Carlos Paez

Personal information
- Full name: Carlos Ernesto Paes de Oliveira Bustillo
- Date of birth: 29 May 1978 (age 46)
- Place of birth: Tegucigalpa, Honduras
- Height: 1.64 m (5 ft 5 in)
- Position(s): Midfielder

Team information
- Current team: Real Juventud

Senior career*
- Years: Team / Apps / (Gls)
- 1999–2001: Olimpia /  / (7)
- 2002: Motagua /  / (1)
- 2004: Real Maya /  / (2)
- 2008–present: Real Juventud /  / (4)

International career^{‡}
- 2000–2001: Honduras / 2 / (0)

= Carlos Paes =

Honduran footballer (born 1978)

Carlos Ernesto Paez de Oliveira Bustillo (born 29 May 1978) is a Honduran football midfielder who plays for Real Juventud.

==Club career==
Paez made his debut in the Honduran national league for Olimpia against Universidad on 5 April 2000. Until December 2009, he had scored 16 goals in total for Olimpia, Real Juventud, Real Comayagua, Real Patepluma and F.C. Motagua.

===Cocaine possession===
In April 2001, Paes, son of Olimpia's former Brazilian striker Ernesto Paes de Oliveira and Elvira Bustillo, was arrested by police in La Ceiba for carrying cocaine with him in his car. He denied however he had anything to do with the drugs but was sent to jail awaiting his court case.
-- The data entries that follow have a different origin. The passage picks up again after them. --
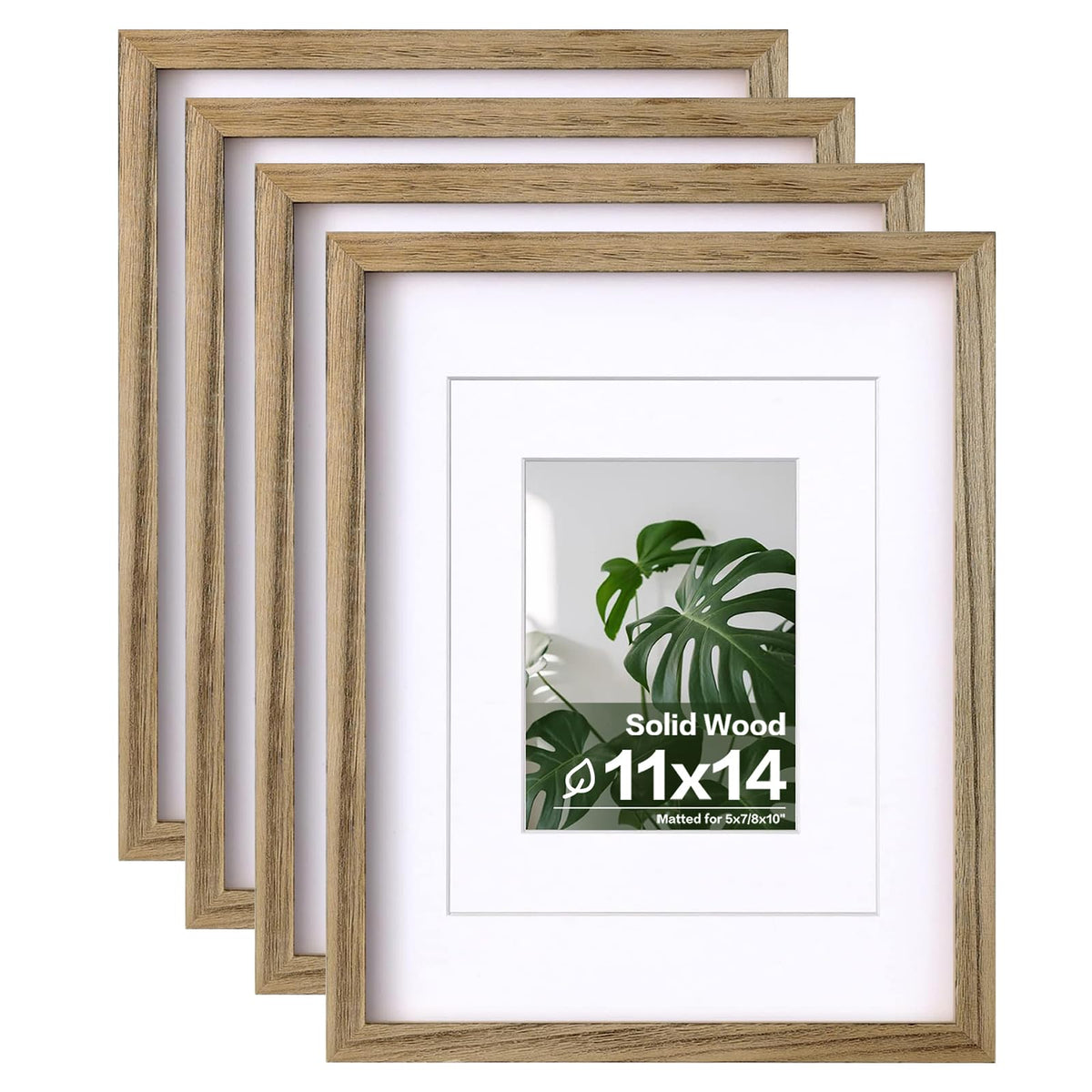 Egofine 11x14 Picture Frames 4 Pack Display Pictures 5x7/8x10 with Mat or 11x14 Without Mat Made of Solid Wood Covered by Plexiglass for Table Top Display and Wall Mounting Photo Frame, Light Brown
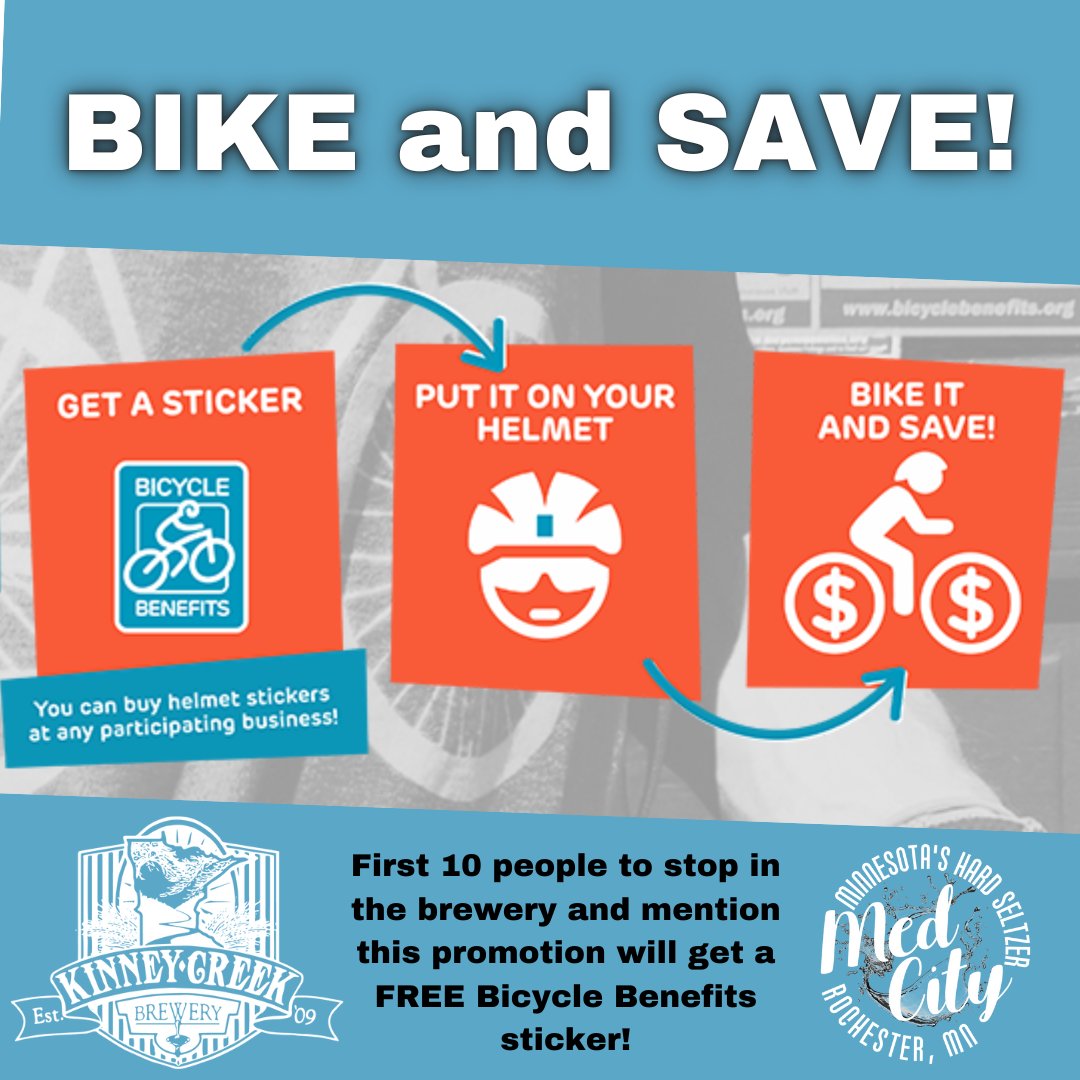The first TEN people to come into the taproom and mention the Bicycle Benefits Program will receive a FREE sticker!

You can then enjoy sweet discounts and promotions at local participating locations!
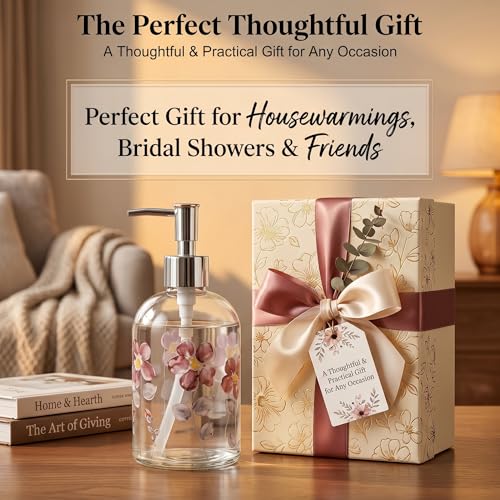 Topadorn 17oz Glass Soap Dispenser with Pump, Refillable Hand Soap Dispenser for Bathroom & Kitchen, Watercolor Floral Decorative Soap Bottle, Farmhouse Countertop Decor - color: Purple Flower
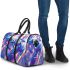 Blue frog with rainbow stripes 3d travel bag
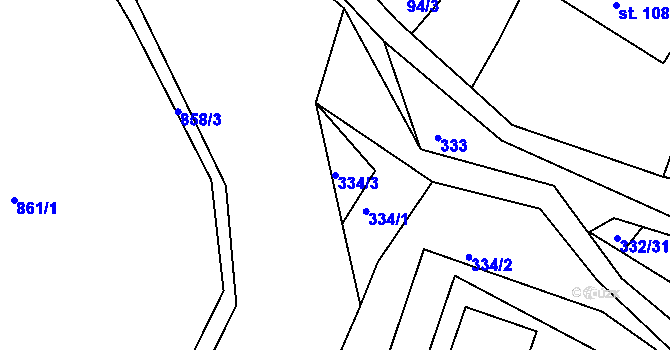 Parcela st. 334/3 v KÚ Rajnochovice, Katastrální mapa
Eventually he was released and the case was never solved.

==International career==
Paez played for the Honduras national football team at the 2000 Summer Olympics.

He made his senior debut for Honduras in a May 2000 friendly match against Canada and has earned a total of 2 caps, scoring no goals.

His second and final international was a March 2001 friendly match against Peru.